◆ Working data ◆
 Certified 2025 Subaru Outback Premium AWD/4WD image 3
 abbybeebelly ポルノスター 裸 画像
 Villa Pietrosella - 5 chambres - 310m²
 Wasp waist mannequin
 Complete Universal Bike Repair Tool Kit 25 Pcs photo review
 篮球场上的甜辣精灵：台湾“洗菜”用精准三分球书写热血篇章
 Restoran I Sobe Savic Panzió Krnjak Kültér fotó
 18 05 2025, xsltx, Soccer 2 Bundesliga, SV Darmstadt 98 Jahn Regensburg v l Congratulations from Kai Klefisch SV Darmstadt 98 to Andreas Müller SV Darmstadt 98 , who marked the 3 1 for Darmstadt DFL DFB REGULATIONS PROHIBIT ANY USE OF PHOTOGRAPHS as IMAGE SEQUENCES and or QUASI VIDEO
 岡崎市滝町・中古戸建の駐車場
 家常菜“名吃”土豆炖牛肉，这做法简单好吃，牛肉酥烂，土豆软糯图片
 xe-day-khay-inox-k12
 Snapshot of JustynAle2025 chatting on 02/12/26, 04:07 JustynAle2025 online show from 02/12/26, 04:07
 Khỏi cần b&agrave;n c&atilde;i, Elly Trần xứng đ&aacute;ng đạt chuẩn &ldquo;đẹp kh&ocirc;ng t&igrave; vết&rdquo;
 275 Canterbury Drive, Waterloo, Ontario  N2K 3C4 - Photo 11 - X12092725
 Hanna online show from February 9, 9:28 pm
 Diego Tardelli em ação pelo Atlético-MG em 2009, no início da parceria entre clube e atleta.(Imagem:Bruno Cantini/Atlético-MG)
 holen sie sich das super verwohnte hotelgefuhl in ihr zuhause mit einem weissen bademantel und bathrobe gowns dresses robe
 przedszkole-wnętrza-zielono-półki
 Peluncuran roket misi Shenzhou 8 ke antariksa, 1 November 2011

◆ What is needed ◆
Please transcribe all of the records, keeping every line exactly as it is.

◆ Expected output ◆
 Certified 2025 Subaru Outback Premium AWD/4WD image 3
 abbybeebelly ポルノスター 裸 画像
 Villa Pietrosella - 5 chambres - 310m²
 Wasp waist mannequin
 Complete Universal Bike Repair Tool Kit 25 Pcs photo review
 篮球场上的甜辣精灵：台湾“洗菜”用精准三分球书写热血篇章
 Restoran I Sobe Savic Panzió Krnjak Kültér fotó
 18 05 2025, xsltx, Soccer 2 Bundesliga, SV Darmstadt 98 Jahn Regensburg v l Congratulations from Kai Klefisch SV Darmstadt 98 to Andreas Müller SV Darmstadt 98 , who marked the 3 1 for Darmstadt DFL DFB REGULATIONS PROHIBIT ANY USE OF PHOTOGRAPHS as IMAGE SEQUENCES and or QUASI VIDEO
 岡崎市滝町・中古戸建の駐車場
 家常菜“名吃”土豆炖牛肉，这做法简单好吃，牛肉酥烂，土豆软糯图片
 xe-day-khay-inox-k12
 Snapshot of JustynAle2025 chatting on 02/12/26, 04:07 JustynAle2025 online show from 02/12/26, 04:07
 Khỏi cần b&agrave;n c&atilde;i, Elly Trần xứng đ&aacute;ng đạt chuẩn &ldquo;đẹp kh&ocirc;ng t&igrave; vết&rdquo;
 275 Canterbury Drive, Waterloo, Ontario  N2K 3C4 - Photo 11 - X12092725
 Hanna online show from February 9, 9:28 pm
 Diego Tardelli em ação pelo Atlético-MG em 2009, no início da parceria entre clube e atleta.(Imagem:Bruno Cantini/Atlético-MG)
 holen sie sich das super verwohnte hotelgefuhl in ihr zuhause mit einem weissen bademantel und bathrobe gowns dresses robe
 przedszkole-wnętrza-zielono-półki
 Peluncuran roket misi Shenzhou 8 ke antariksa, 1 November 2011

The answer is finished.